New reader for LMDB databases (#9950)

* Add LMDBReader op and test case * Add testcase to load LMDB from a folder * Add tensorflow/core/lib/lmdb/testdata/data.mdb * Add EOF test * Add license export * Blacklist the test data in pip_smoke_test.py * Address issues with respect to review * Add LICENSE to BUILD rules * Remove the prefx of LICENSE * Wrap key with compat.as_bytes() * Fixed a compilation flag * Improve BUILD rules * Support LMDB build in cmake * Fix BUILD file format with buildifier * Add fake unistd.h for lmdb to build on Windows * Avoid building lmdb tools which depends on unistd.h * Fix the string encoding issue in Python3 * Update lmdb library name in CMakeList.txt
2017-06-05 11:41:32 -07:00 · 2017-06-05 11:41:32 -07:00 · e6f5818636
commit e6f5818636
parent 8a46d7a299
20 changed files with 397 additions and 1 deletions
--- a/tensorflow/contrib/cmake/CMakeLists.txt
+++ b/tensorflow/contrib/cmake/CMakeLists.txt
@ -113,6 +113,7 @@ include(zlib)
 include(gif)
 include(png)
 include(jpeg)
+include(lmdb)
 include(eigen)
 include(gemmlowp)
 include(jsoncpp)
@ -129,6 +130,7 @@ set(tensorflow_EXTERNAL_LIBRARIES
    ${gif_STATIC_LIBRARIES}
    ${png_STATIC_LIBRARIES}
    ${jpeg_STATIC_LIBRARIES}
+    ${lmdb_STATIC_LIBRARIES}
    ${jsoncpp_STATIC_LIBRARIES}
    ${farmhash_STATIC_LIBRARIES}
    ${fft2d_STATIC_LIBRARIES}
@ -140,6 +142,7 @@ set(tensorflow_EXTERNAL_DEPENDENCIES
    gif_copy_headers_to_destination
    png_copy_headers_to_destination
    jpeg_copy_headers_to_destination
+    lmdb_copy_headers_to_destination
    jsoncpp
    farmhash_copy_headers_to_destination
    highwayhash_copy_headers_to_destination
@ -158,6 +161,7 @@ include_directories(
    ${gif_INCLUDE_DIR}
    ${png_INCLUDE_DIR}
    ${jpeg_INCLUDE_DIR}
+    ${lmdb_INCLUDE_DIR}
    ${eigen_INCLUDE_DIRS}
    ${gemmlowp_INCLUDE_DIR}
    ${jsoncpp_INCLUDE_DIR}
--- a/tensorflow/contrib/cmake/external/lmdb.cmake
+++ b/tensorflow/contrib/cmake/external/lmdb.cmake
@ -0,0 +1,60 @@
+# Copyright 2017 The TensorFlow Authors. All Rights Reserved.
+#
+# Licensed under the Apache License, Version 2.0 (the "License");
+# you may not use this file except in compliance with the License.

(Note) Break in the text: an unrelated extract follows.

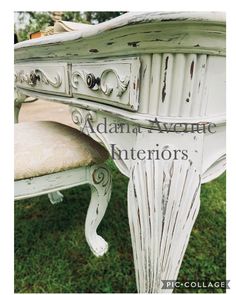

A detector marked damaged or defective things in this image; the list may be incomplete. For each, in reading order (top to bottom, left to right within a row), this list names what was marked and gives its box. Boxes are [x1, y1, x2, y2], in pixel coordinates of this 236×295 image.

chipped white paint [15, 165, 112, 258]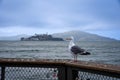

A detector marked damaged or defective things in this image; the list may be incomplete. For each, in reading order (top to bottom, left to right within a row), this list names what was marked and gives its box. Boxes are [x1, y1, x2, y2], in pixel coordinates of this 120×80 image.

rusted metal rail [0, 58, 120, 80]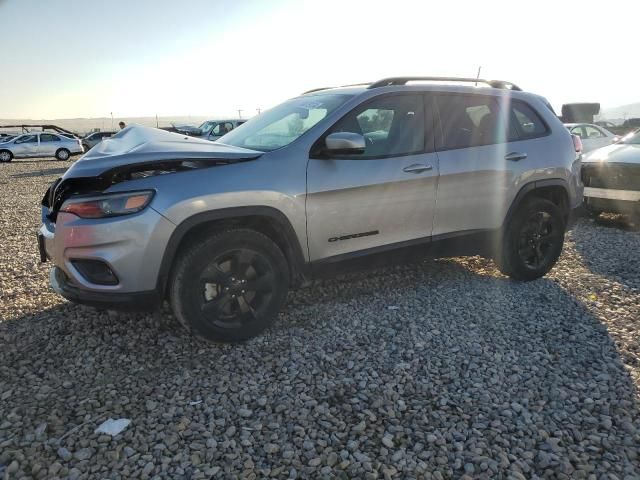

+# You may obtain a copy of the License at
+#
+#     http://www.apache.org/licenses/LICENSE-2.0
+#
+# Unless required by applicable law or agreed to in writing, software
+# distributed under the License is distributed on an "AS IS" BASIS,
+# WITHOUT WARRANTIES OR CONDITIONS OF ANY KIND, either express or implied.
+# See the License for the specific language governing permissions and
+# limitations under the License.
+# ==============================================================================
+include (ExternalProject)
+
+set(lmdb_INCLUDE_DIR ${CMAKE_CURRENT_BINARY_DIR}/external/lmdb)
+set(lmdb_URL http://mirror.bazel.build/github.com/LMDB/lmdb/archive/LMDB_0.9.19.tar.gz)
+set(lmdb_HASH SHA256=108532fb94c6f227558d45be3f3347b52539f0f58290a7bb31ec06c462d05326)
+set(lmdb_BUILD ${CMAKE_BINARY_DIR}/lmdb/src/lmdb)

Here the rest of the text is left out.